Telstra has been working to obtain replacement stock of the Note 7 for recalled phones and has not reached the point where it could sell the Note 7 to new customers. To this point, all replacement Note 7 handsets received by the carrier have been used for the recall. The phone is also not available for purchase on Telstra’s online store.
The full memo is below. We have contacted both Samsung and Telstra for comment on the memo and will update if we hear back.
Please be advised of some updates to the Samsung Note 7 Global Exchange program.
Samsung has temporarily paused the supply of new Galaxy Note7 smartphones following a reported incident in a replacement phone in the US. Samsung is confident in the replacement Note7 and says they have no reason to believe it’s not safe. We’ll let you know the status of your replacement Note7 as soon as we have more information.

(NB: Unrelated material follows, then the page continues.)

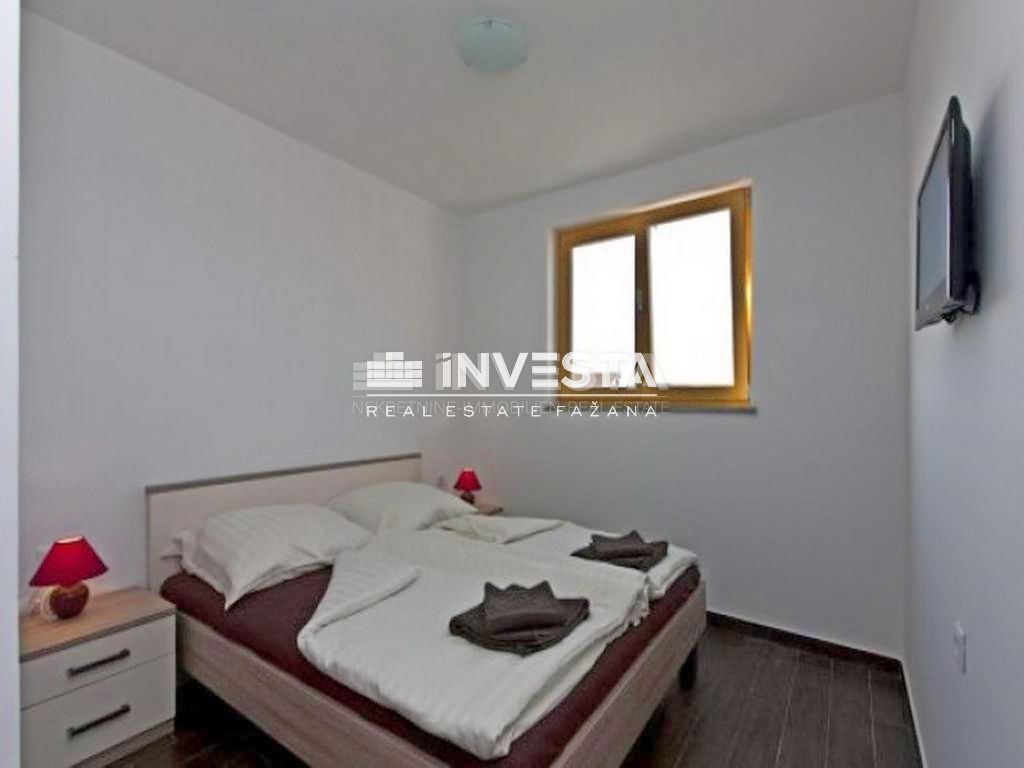 Fažana, Valbandon, moderna vila z bazenom, 7 sob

We have contacted impacted customers to advise them of the delay.
Samsung said in a statement earlier today that it was “working diligently” to investigate reports that at least five of its replacement Galaxy Note 7 smartphones had caught fire in the US alone, while the US Consumer Product Safety Commission is running its own investigation.
If you own a Samsung Galaxy Note 7 you should immediately stop using it and return it for a refund — all the major US carriers will exchange the phone, regardless of purchase date. We don’t know why Samsung hasn’t been more forthcoming about what’s going on with these replacement devices, but it doesn’t really matter. Until we get more information, the simplest explanation is the best one: The Samsung Galaxy Note 7 is a fundamentally defective product and it should be pulled from the market without delay.